The people deciding on whether or not this is a legitimate aim, are speaking with the voice of the victors. The legitimacy of segregating children in this way is unlikely to be questioned by those who know that their children will be at the top of the pile. It is a case of the law being used by those who already have it in order to preserve it for themselves, rather try and work towards a more level playing field. In the meantime thousands of parents across the land are seeing their children, at 10 years old, five years old, separated from their peers and neighbours because they haven't been able to pass a test. The fact that they are not all up in arms should not blind us to our responsibility to ensure that discrimination law should work for everyone, including (and especially) those who do not have the loudest voices.

The verdict I quoted earlier suggests that academic selection is justified because there has to be a two-tier education system and, despite the discriminatory nature of these admissions tests, they are necessary in order to keep the selective schools in the top tier. Schools have to be able to exclude students with learning difficulties, otherwise they would not be able to attract the kind of parents and students who guarantee the academic success of this school and, in the case of independent schools, pay their wages. Without being able to exclude children who do not pass the test, the two-tier system would crumble.

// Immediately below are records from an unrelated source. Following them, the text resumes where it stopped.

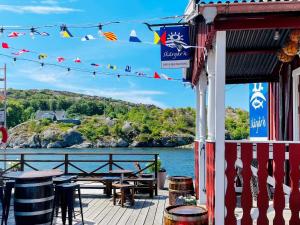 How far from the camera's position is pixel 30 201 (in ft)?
16.6

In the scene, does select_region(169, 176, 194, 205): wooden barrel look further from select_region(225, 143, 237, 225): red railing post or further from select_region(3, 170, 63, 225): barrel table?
select_region(3, 170, 63, 225): barrel table

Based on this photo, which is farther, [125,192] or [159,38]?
[125,192]

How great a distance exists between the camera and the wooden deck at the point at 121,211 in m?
6.21

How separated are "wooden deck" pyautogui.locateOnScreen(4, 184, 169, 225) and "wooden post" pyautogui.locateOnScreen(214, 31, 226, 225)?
5.81 feet

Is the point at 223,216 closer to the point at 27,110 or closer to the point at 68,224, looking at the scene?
the point at 68,224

Accepting this as a legitimate part of national education policy means accepting that (a) there will inevitably be a two-tier system of schooling whereby some schools have lower academic standards built into the admissions process, and that (b) these schools are the only ones where children with learning disabilities are allowed to go.

Firstly, this is incompatible with the government's stated desire to maintain high academic standards across all schools in the country. This is a laudable desire, but when it is not backed up by structural reforms that would actually support rather than hinder this aim, then it starts to feel like these are just empty, meaningless words.

But I also cannot see how it complies with the spirit of the UN Convention of the Rights of the Child, which states:

"State parties [must] recognize the right of the child to education, and with a view to achieving this right progressively and on the basis of equal opportunity... without discrimination of any kind." (Article 28)

Maintaining higher academic standards than other schools nearby might be a legitimate aim for the individual school, but surely any local authority has to consider whether this is a legitimate and justifiable aim for the area. And any national government has to look at whether the aims of a school can truly be legitimate if they come at the expense of other children who have done nothing to deserve being discriminated against in this way.